Which problem is that? Science publishing is mostly one of a typical lemons market. And not only because a randomly selected individual in the world far more often than not cannot distinguish good product from bad product.

So there are two routes to discovering how to make publishing with no fees anywhere and therefore more participants all around.

(1) Raising awareness by writing about it and publishing in appropriate places. Minus side is most will be paywalled. But it will give what [KITCH95] (Philip KITCHER, The advancement of science, Oxford: University Press, 1995) lovingly called unearned credibility. A paper in econometrica has more umph for getting funding than just talking about it, or publishing on a blog or in another journal. Even if same text. Because most, even fellow travelers, will probably not read it.

(2) Just making a product. Linux style. Very minimal.

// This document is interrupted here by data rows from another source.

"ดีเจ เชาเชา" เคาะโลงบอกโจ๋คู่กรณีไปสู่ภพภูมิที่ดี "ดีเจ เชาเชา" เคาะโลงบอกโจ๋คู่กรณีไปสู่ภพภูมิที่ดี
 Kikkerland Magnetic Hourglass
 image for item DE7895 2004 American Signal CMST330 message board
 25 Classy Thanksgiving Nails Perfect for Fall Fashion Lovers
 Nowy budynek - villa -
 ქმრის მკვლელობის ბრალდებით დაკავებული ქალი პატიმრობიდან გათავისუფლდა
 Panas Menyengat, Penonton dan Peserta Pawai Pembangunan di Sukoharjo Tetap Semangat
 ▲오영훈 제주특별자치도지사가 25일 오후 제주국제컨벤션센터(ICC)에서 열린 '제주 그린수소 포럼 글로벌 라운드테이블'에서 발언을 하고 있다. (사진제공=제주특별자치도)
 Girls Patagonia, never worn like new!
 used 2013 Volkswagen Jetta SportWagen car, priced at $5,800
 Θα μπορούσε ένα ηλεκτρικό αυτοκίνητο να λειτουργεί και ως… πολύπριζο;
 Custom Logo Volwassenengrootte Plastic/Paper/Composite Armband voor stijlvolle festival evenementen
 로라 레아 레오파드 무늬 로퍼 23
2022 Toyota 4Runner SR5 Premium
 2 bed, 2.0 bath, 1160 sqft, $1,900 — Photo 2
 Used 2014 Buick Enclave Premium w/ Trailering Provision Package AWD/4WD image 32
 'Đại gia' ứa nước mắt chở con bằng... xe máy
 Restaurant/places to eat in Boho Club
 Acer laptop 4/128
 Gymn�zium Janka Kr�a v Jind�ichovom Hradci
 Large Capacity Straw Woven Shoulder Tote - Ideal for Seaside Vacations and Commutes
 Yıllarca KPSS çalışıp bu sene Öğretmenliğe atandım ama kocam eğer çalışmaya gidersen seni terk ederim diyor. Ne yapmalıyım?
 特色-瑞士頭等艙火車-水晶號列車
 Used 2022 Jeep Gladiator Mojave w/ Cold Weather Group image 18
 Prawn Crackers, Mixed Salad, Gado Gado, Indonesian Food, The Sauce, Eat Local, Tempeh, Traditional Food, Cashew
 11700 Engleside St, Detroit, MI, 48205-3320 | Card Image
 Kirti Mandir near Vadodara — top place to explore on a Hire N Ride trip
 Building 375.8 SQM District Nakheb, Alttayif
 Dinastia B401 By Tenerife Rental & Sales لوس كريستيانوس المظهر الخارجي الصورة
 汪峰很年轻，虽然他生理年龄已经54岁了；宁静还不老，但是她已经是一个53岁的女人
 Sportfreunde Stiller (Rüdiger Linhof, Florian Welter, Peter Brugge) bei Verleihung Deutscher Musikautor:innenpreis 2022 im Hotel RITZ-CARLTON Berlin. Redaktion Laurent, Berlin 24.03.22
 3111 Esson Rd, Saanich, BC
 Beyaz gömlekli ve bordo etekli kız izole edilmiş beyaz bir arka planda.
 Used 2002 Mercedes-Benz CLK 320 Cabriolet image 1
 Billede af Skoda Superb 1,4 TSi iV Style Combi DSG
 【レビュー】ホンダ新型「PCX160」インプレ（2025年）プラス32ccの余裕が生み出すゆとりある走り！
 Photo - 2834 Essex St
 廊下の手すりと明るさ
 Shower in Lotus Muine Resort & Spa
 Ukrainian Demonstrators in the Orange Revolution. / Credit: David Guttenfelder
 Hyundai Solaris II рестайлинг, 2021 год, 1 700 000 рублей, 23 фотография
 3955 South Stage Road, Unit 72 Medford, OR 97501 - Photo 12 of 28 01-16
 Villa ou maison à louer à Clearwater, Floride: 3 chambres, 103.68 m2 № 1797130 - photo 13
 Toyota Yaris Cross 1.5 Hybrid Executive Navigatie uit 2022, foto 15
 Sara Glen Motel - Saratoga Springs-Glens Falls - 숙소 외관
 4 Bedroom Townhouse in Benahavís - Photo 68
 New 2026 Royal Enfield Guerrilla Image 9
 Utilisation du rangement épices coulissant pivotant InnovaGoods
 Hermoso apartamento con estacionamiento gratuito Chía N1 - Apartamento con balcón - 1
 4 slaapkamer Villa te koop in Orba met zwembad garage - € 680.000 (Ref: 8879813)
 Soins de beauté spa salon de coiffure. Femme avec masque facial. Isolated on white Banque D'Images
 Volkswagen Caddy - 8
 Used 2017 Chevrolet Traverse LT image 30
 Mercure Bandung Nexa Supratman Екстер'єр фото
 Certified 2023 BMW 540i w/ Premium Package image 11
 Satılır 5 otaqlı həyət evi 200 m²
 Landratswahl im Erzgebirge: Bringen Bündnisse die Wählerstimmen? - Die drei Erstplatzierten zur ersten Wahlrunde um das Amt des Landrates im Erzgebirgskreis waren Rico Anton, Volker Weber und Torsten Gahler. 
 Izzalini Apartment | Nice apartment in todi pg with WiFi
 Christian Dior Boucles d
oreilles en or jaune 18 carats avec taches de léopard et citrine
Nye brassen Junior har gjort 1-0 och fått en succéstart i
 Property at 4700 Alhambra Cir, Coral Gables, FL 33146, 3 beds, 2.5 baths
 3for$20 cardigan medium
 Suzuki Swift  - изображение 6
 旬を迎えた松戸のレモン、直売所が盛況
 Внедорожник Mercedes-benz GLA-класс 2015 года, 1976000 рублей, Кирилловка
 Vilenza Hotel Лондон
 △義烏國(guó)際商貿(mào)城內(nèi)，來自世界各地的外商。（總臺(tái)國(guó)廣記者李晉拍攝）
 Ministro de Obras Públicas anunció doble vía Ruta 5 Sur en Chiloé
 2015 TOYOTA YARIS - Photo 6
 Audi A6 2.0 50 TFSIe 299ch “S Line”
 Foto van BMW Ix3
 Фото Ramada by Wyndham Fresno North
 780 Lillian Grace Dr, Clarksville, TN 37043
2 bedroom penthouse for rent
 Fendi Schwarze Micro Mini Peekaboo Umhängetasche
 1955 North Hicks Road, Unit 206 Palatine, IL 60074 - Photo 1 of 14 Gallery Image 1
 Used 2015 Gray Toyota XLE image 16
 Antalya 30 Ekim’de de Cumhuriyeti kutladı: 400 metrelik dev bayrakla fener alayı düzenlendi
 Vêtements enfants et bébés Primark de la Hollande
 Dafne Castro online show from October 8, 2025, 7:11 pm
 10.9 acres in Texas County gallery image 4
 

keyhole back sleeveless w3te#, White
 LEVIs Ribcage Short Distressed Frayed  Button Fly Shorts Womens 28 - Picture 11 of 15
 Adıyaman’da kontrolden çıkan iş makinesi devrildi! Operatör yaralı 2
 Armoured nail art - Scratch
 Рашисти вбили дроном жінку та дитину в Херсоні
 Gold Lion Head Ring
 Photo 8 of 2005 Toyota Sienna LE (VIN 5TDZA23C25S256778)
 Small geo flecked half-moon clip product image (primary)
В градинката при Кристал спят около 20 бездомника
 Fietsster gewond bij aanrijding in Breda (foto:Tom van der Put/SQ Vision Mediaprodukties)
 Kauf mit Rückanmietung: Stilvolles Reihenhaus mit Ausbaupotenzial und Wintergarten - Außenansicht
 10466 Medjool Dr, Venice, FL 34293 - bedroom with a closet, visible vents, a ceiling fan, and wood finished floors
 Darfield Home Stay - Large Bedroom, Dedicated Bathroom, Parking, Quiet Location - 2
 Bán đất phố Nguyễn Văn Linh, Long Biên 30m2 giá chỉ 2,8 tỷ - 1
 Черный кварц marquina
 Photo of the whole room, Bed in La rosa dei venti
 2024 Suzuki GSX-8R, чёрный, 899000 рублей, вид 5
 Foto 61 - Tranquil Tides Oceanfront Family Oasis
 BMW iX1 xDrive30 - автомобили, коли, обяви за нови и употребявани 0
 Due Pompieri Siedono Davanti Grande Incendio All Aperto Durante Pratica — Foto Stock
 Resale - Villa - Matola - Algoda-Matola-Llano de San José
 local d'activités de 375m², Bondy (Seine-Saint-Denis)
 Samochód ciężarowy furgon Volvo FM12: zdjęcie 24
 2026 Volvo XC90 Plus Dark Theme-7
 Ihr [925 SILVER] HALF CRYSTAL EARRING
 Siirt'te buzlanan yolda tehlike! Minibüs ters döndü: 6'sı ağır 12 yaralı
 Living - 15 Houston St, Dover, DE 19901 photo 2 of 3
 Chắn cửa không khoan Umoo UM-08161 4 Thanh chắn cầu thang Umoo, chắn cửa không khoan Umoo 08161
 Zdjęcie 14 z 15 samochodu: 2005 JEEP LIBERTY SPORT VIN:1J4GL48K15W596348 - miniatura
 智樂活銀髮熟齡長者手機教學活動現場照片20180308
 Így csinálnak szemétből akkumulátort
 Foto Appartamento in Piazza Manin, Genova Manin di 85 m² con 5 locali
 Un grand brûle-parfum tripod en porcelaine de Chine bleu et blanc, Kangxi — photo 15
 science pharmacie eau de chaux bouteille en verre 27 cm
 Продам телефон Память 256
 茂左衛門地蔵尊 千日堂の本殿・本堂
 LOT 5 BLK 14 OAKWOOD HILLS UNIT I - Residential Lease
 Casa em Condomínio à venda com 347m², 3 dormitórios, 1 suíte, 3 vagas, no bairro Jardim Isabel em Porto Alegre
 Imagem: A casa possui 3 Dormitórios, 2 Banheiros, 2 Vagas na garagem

How can the prospective user trust that your algorithm will produce consistent quality going on top and low quality dropping to the bottom (in journals this would just be Advice to Reject) therefore not damaging to their reputation if submitting to it? Considering that this depends not only on the algorithm and the best papers submitted to it by authors, but also the worst papers, which will affect the perceived status of the platform, it's Umph, Impact, Etc, even if some papers are excellent.

And considering that most do not and will not read papers [KITCH95]. Some skim. Most don't even skim. So randomly selecting a user, they will judge a paper published based on the platform. Not on the content of the paper.

That in turn affects perception of the platform.

Which exposed good papers to risk. The risk is, at least, that of not getting read despite having done actually good work. (Not getting read when not doing good work is not a problem and not a risk.)

So because the quality of a publishing platform does not depend entirely or even mostly on its structure, it's hard to distinguish platforms that are good from those which are not so good. In the sense of what they do that does contribute largely to a good or bad outcome. Furthermore, at lower granularity, it's therefore hard to distinguish publishing platform that will consistently deliver high quality, when just launched, even if the design is known, even if the design is really good, from publishing platforms that will not consistently deliver high quality.

So even an excellent algorithm needs testing in a very public way, however that is done, because the payoff does not depend only on it.

Meanwhile it must be very convenient to get participation; only a few clicks to submitting a review or something. Like with the latest editorialmanager stuff. No longer do you have to make a password or log in, once invited; just get a link, editor generates pass, sends in email, automated, and can be take you straight to the submit decision page, and meanwhile you can dl the manuscript you are asked to review without logging in anywhere.

Leading to the conclusion that some fun factor is required in the long run. Something outside the dilemma. And algorithms which bring a new level of convenience, while being consistent. Something outside the dilemma.